En consecuencia, el respeto mutuo, el dialogo entre contrarios, la conciliación de intereses en competencia, los pacto y arreglos políticos, se convierten en valores esenciales de la democracia y; las fuerzas armadas son definidas como instituciones apolíticas, obedientes, no deliberantes, bajo la dirección política del poder civil y al servicio de la Constitución y de las leyes de la república.

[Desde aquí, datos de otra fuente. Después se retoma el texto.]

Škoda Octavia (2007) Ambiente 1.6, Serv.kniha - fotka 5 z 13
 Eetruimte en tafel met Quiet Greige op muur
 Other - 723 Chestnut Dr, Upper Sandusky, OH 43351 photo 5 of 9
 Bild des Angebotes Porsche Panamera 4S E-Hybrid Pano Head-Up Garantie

En tal sentido, la democracia no es sólo el ejercicio del voto “universal, directo y secreto”, sino que es, sobre todo, la conformación de un gobierno que garantice el respeto de los derechos civiles y políticos de los ciudadanos –hoy llamados derechos humanos-, sin discriminación alguna.
El resultado fue que, el sistema político venezolano desarrolló, a partir de 1958, una inteligente estrategia de conciliación de intereses entre los actores políticos diferenciados, a excepción de los comunistas. La distribución de los cargos de elección pública se hizo de acuerdo a la voluntad política de los votantes. Así mismo, las instituciones de contraloría y de fiscalía quedaron bajo la dirección de funcionarios no partidizados, al igual que los magistrados, y, las FAN cumplieron su función al enfrentar con éxito los levantamientos militares, las guerrillas izquierdistas y la defensa de la soberanía en el caso del Caldas colombiano. Se logró así, legitimar una base política mínima para la estabilidad de un sistema democrático competitivo de partidos, sindicatos, gremios, asociaciones y otras formas de expresión de la pluralidad de intereses de la sociedad venezolana.
Las debilidades de la democracia se incuban, cuando las políticas públicas, propia de una sociedad abierta, son progresivamente sustituidas por la sordidez y voracidad de las elites del poder. Una vez más, tales desvaríos estimularon la acumulación de tensiones políticas y sociales. La respuesta, a tales fallas del sistema democrático, se articuló a través de una alianza de militares y civiles incongruentes, quienes apoyados en la movilización de miles de venezolanos, perpetuamente excluidos, portadores de una cultura política mesiánica, heredada de centurias de caudillismo, lograron ganar las elecciones en 1998 y establecer un gobierno de confrontación y exclusión política.
De esta forma, una contra elite, nutrida por las debilidades de la democracia, ha logrado constituirse en elite gobernante y durante una década se ha empeñado en convertirse en una elite del poder, desplazando implacablemente a los líderes de los partidos políticos históricos de las posiciones públicas; arrasando las instituciones jurídicas, electorales, financieras, petroleras y militares de la presencia de jueces, autoridades, gerentes y oficiales de distinto rango con opiniones políticas diferenciadas.
De esta forma, el modelo democrático de conciliación de élites, ha sido sustituido por un indefinido y confuso modelo “de democracia participativa y protagónica”. Hasta el presente, aún persiste el acto electoral para la selección de los funcionarios públicos y, allí reside la fuente creadora de una renovada democracia de conciliación y dialogo, ahora imperativamente social; superior a la elitista puntofijista y a la de un proceso revolucionario estéril. La fisura simétrica de los resultados electorales del 15F así lo anuncia. Sólo el dialogo creador entre todos podría lograr sortear, con cierto éxito, la “tormenta perfecta” que se avecina.